_Required action_
Return all the lines below exactly. Any picture among them is omitted.

_Provided material_

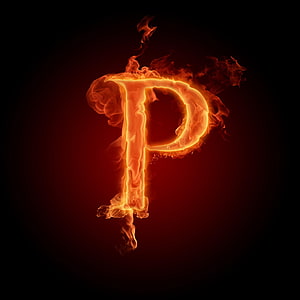Flaming Letter P with Smoke Effects on Dark Background HD phone wallpaper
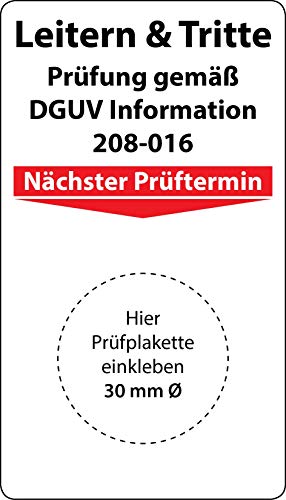 Grundplakette Leitern und Tritte Prüfung gemäß DGUV Information 208-016, 100 Stück, 70 x 40 mm, Vinylfolie, selbstklebend, Grundetikett für Leiterprüfung von Fast-Label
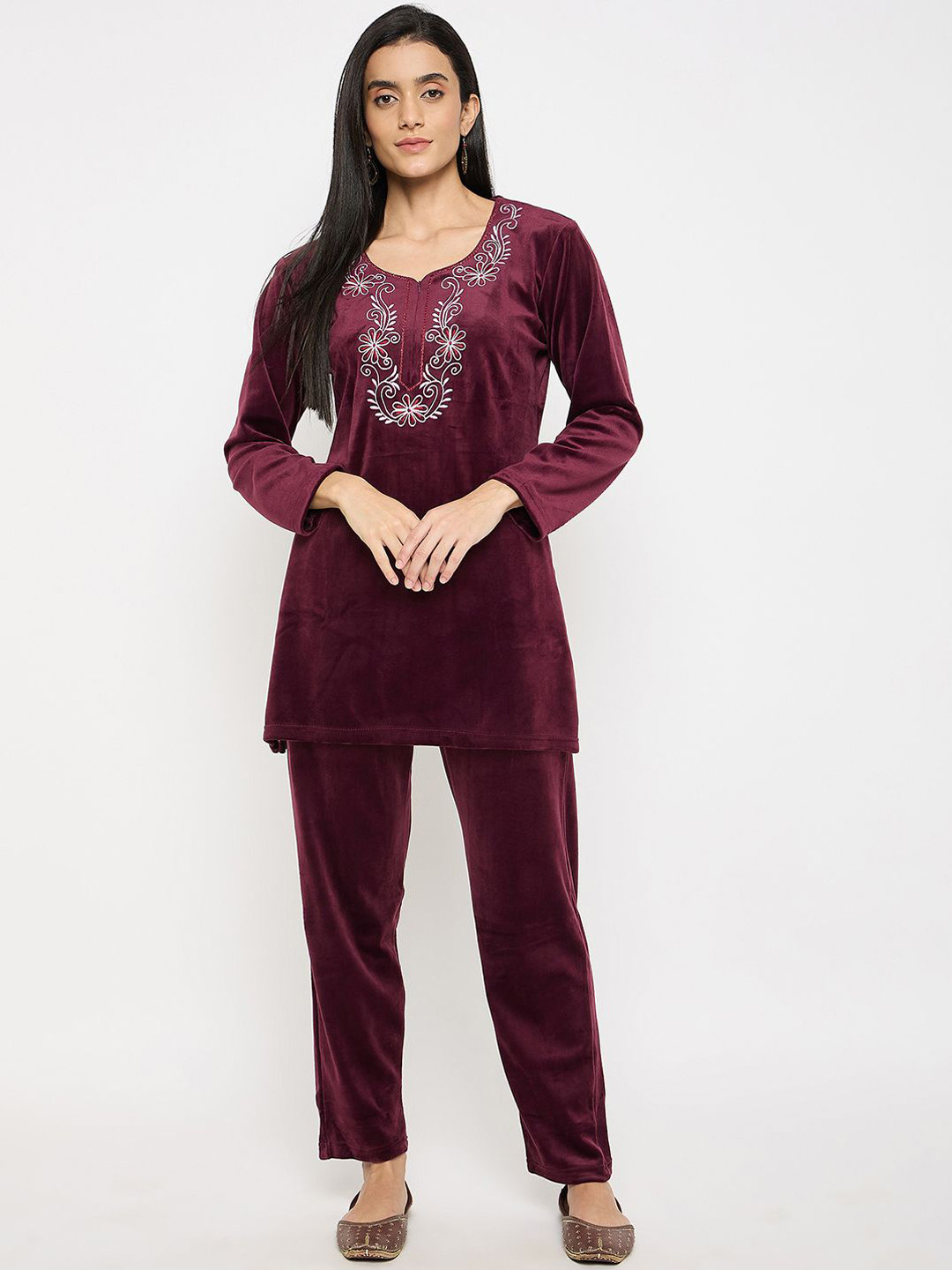 Camey Long Sleeves Embroidered Tunic With Trousers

_Response to the task_
Flaming Letter P with Smoke Effects on Dark Background HD phone wallpaper
 Grundplakette Leitern und Tritte Prüfung gemäß DGUV Information 208-016, 100 Stück, 70 x 40 mm, Vinylfolie, selbstklebend, Grundetikett für Leiterprüfung von Fast-Label
 Camey Long Sleeves Embroidered Tunic With Trousers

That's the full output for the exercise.